My training is fun. And great. But quite frankly, I don’t know if I want to grow it much bigger than it is. I already never see my hubby…and I can really only hold classes in the evenings. There just aren’t enough people during the day. I guess my point is, I can’t do a lot with training during the day. And given that, training is not going to become a major part of my life, or a major purpose in my life. It is a great side job, a great hobby, but it is not enough to give my life purpose on its own. Or, at least, I can’t see how it could be. I thought it would be, but I’m realizing that just isn’t happening.
Tutoring is fun, but it’s mainly for money. I love the math, but it’s not a calling of mine to help people with their homework. It’s mainly just a money-maker.
Working at the store is fun (for now), but…it’s retail. I’m sorry, but I am not one of those people who is happy working at retail forever and ever. If you are, that is great, and I am happy for (and jealous of) you, but I’m not.
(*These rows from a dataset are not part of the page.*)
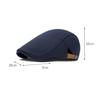 Forward Cap Men's Retro Light Berets British Cap Newsboy Cap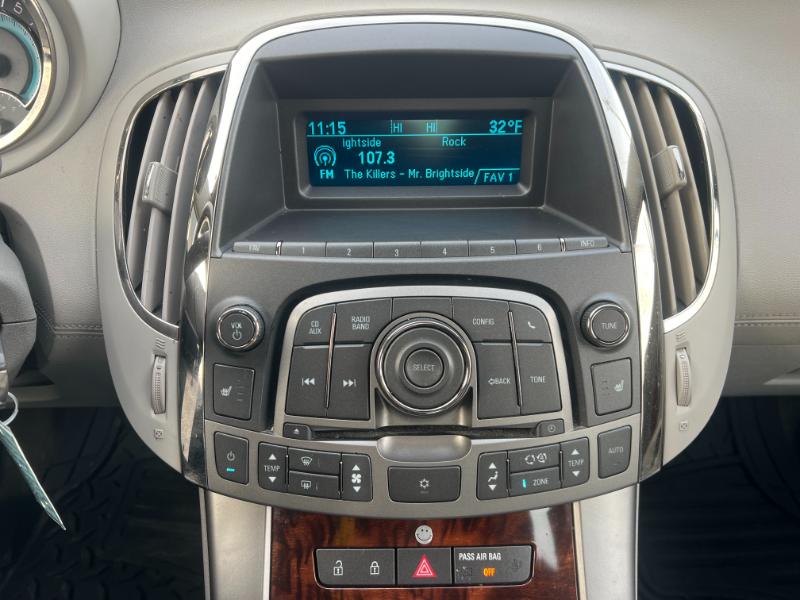 Buick LaCrosse CXL FWD 2010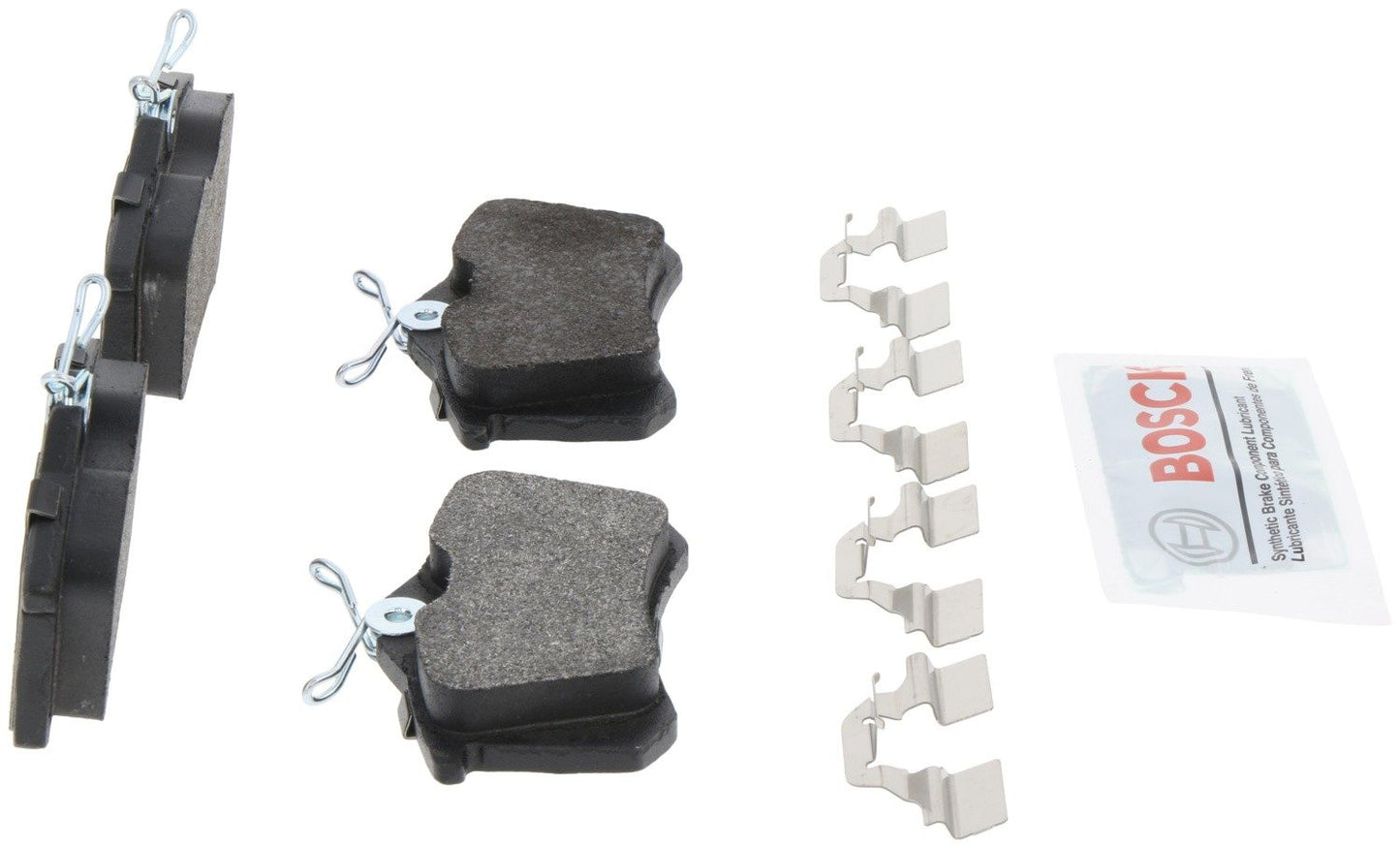 Right View of Rear Disc Brake Pad Set BOSCH BP340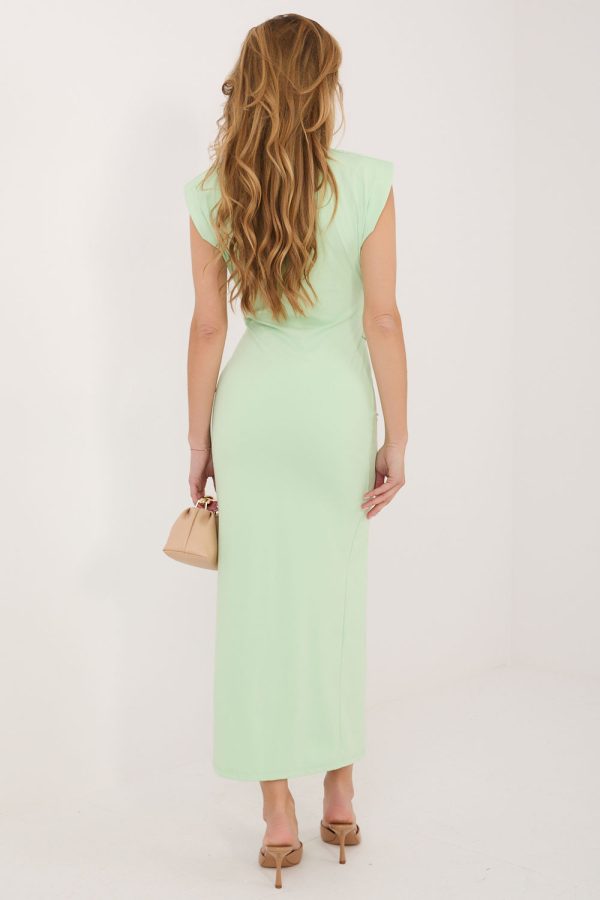 Green Cocktail Dress in Formal Dresses, Cocktail Dresses with Spandex, Polyester and Viscose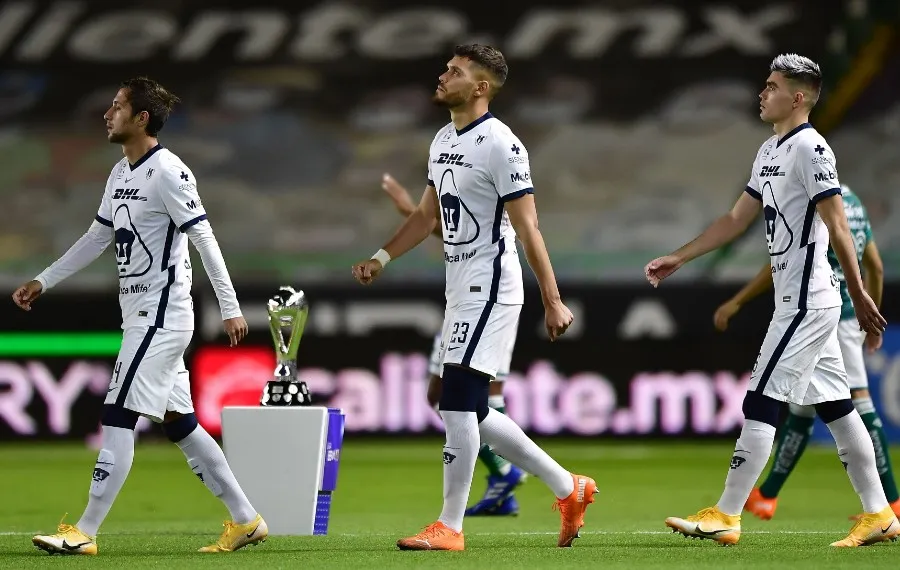 Pumas ostenta 14 Finales, con la disputada ante León en el Guard1anes 2020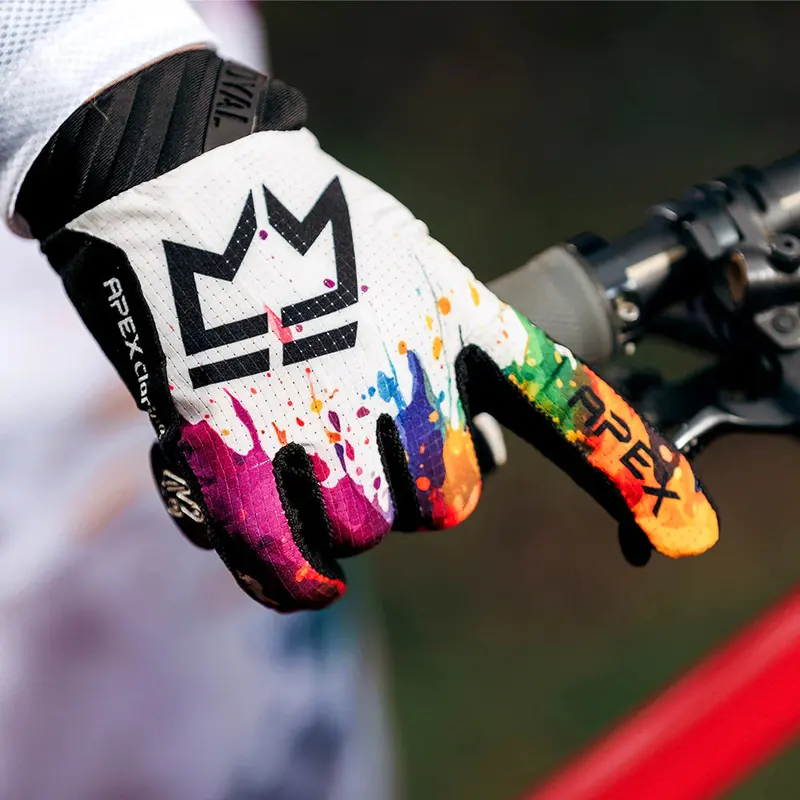 Royal Apex Mtb Glove - Limited Edition - Splatter 6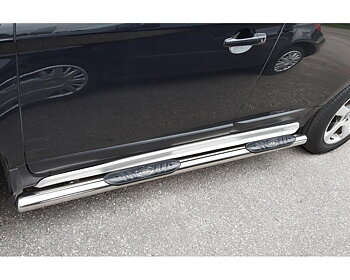 SIDORÖR 76MM med instegslister - Volvo XC60 2009-2017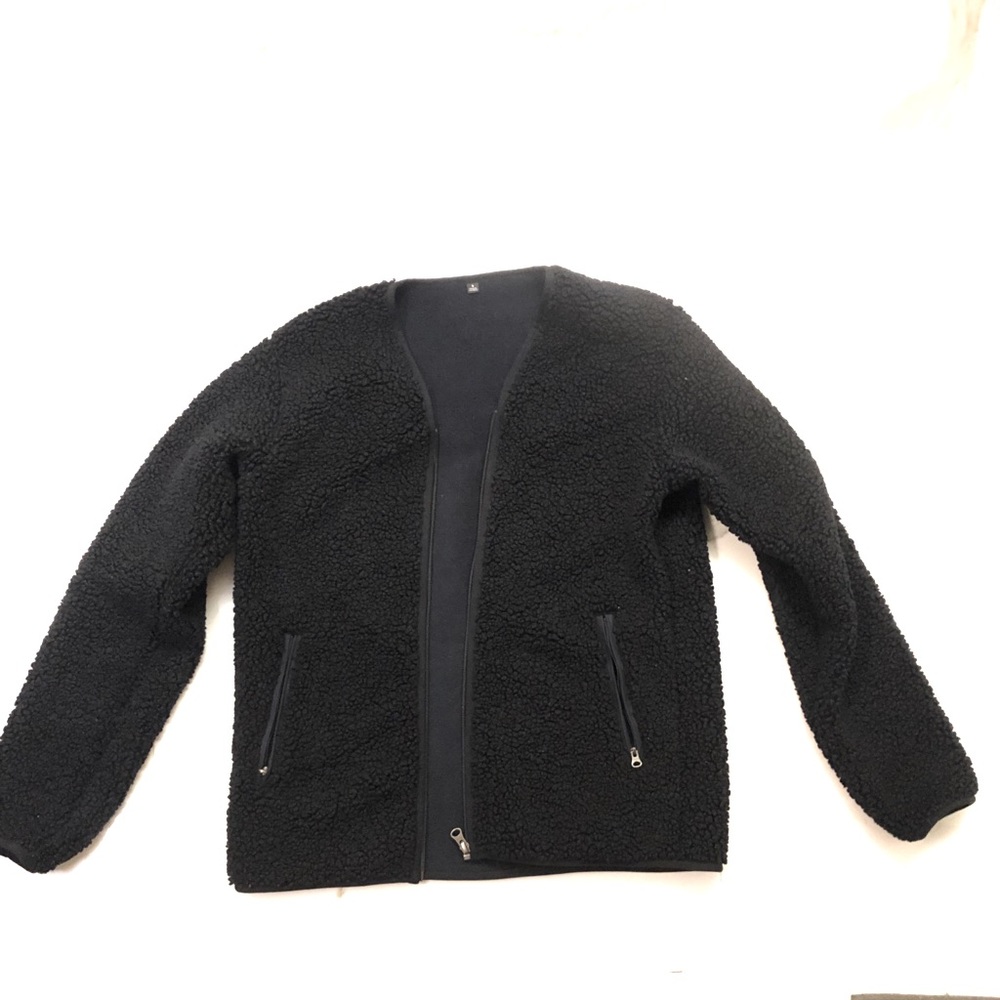 Uniqlo Fleece Cardigan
It’s a great transitionary, temporary job for me. And quite frankly, it gets me out of the house and talking with people. I feel like I have a little community there, of like-minded, friendly people who I like to talk to and hang out with. It’s the only community I have at the moment. The job is great. But it’s not a purpose. It’s not something I can stand up and say I’m proud to do. Fun? Yes. But something I can pin my identity on, that can give me purpose even in part? No.
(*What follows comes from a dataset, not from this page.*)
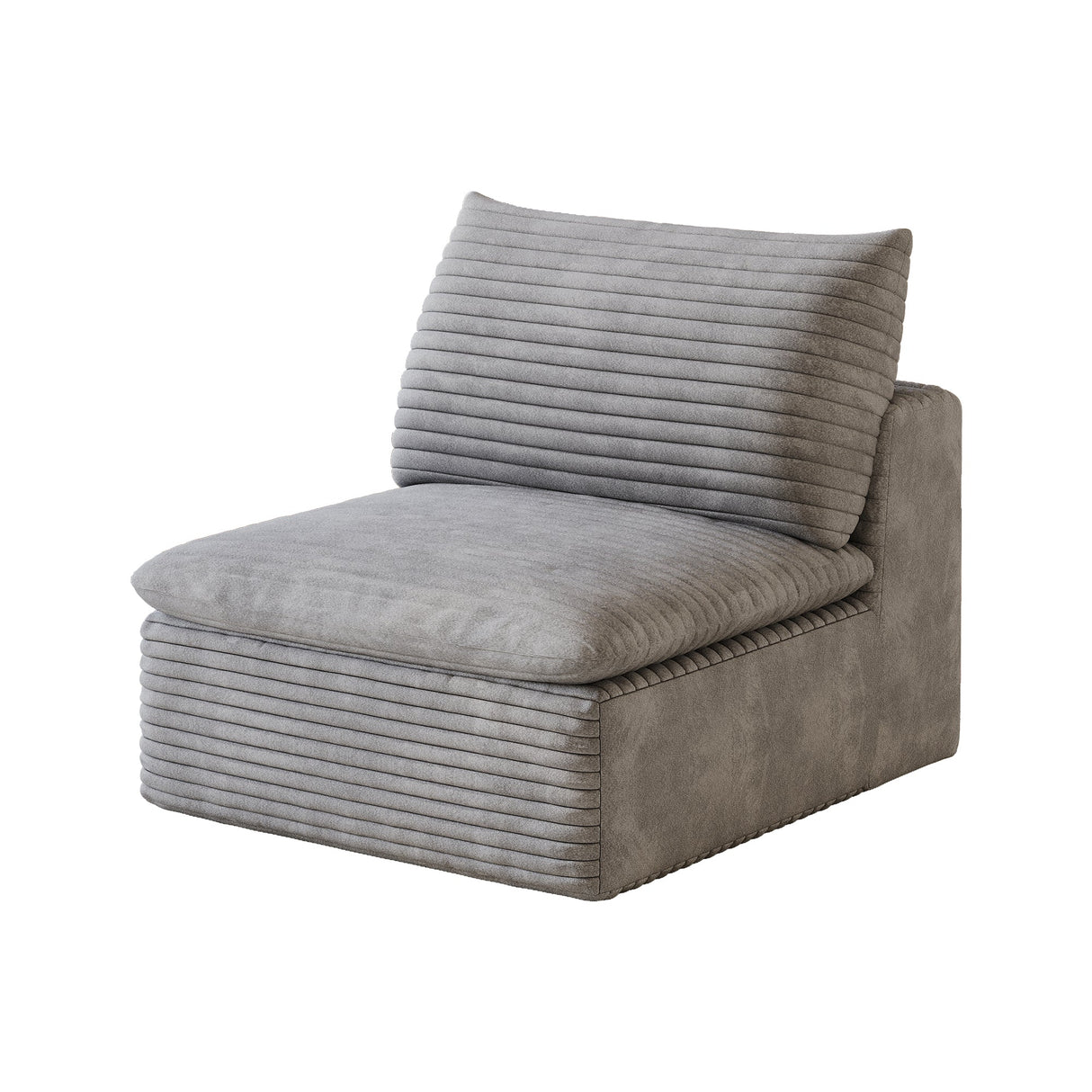 1 Middle Seat + 1 Ottoman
I just….think there’s not a lot for me to feel proud of in my life right now. I still feel humiliated I had to leave my job (it is hard for me to even write “had” to, because I scream at myself that I was just lazy and wanted to). Dog training is something that is cool…but it’s not enough to stand on its own. And there’s nothing else.
And when I don’t feel proud of what I’m doing with my life, it’s hard to take pride in anything else.
I feel like I’m in transition. But it’s not transition to anything.
I quit my job so I could get healthy. Then I could get back to life. That was the plan.
But I’m realizing that I will never be healthy. I just need to learn to cope with what I’ve got.
And I don’t know what life I’ll be “getting back” to. I can’t go back to my old line of work. I have no real purpose I can throw myself in to.
I have always viewed myself as having a full-time job (at least until I had kids). I can’t do that. I can’t. But I don’t know how to leave that vision behind. How to take pride in where I am now.
And I can’t come up with anything else I would be proud to do, certainly not that I could do with the preparation I have. And, since I left my job, I don’t have the money to go through a bunch of preparation for something new (whoever says “You can do whatever you want with any college degree!” is full of **it. I can be an engineer. Or I can be an unskilled worker. The degree you get matters). Plus, if I want to have kids within the next couple years, there’s no time to go through preparations and get into a job, just to leave it with a baby for awhile.
I have no pride in where I am. And I can’t see where I can go that I can take pride in. This is weakness. I need to grasp where I am, I need to be proud of it, I need to find the good and the great where it is and focus on that!
But on a gut level, I’m having a hard time with that.
And when I am not feeling pride in my life, when I am feeling embarrassed when anyone asks me what I do, or when I look at my days, it’s hard to get the motivation to do the little things.
Even running my freaking business.
Hell, even getting up off the god-damned couch!
It’s pathetic. It’s weakness. But I don’t know how to get over it.
I’m not sure how to pull myself out of this rut. But I’ve got to find a way.